### Exercise
Once you have checked the records that follow, state how many of their lines hold "image", giving the number only.

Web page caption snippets
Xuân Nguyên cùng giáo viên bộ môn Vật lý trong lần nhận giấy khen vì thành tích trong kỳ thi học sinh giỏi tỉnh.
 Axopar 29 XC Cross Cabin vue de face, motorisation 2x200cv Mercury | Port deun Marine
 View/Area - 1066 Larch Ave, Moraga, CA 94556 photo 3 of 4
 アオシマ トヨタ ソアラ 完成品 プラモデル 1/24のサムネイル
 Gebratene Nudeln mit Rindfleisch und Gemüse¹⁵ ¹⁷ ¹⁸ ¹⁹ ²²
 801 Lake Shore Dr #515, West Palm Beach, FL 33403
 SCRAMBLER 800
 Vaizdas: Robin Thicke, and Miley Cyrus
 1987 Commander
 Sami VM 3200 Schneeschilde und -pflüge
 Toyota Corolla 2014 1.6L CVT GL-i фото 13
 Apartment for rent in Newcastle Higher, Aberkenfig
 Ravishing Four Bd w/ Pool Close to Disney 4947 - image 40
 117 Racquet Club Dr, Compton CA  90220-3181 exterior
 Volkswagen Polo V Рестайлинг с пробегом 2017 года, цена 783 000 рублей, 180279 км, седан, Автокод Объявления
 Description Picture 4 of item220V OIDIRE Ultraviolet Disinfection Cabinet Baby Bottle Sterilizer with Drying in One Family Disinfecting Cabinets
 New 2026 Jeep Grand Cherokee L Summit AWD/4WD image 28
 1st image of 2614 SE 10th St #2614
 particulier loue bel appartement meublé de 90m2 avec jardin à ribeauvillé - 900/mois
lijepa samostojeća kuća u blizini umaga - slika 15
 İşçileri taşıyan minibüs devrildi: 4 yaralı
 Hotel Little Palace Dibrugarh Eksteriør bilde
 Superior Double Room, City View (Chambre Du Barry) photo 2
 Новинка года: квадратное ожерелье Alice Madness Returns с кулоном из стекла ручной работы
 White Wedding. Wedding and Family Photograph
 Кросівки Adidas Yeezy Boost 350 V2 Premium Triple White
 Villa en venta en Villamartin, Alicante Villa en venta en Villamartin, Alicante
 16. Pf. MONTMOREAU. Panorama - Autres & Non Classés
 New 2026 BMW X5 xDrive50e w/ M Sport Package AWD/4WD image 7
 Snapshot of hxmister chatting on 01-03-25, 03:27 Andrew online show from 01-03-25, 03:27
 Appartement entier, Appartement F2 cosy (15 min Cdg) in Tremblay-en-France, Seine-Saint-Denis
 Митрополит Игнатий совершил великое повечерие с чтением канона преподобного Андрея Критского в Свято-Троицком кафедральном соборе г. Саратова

### Expected answer
4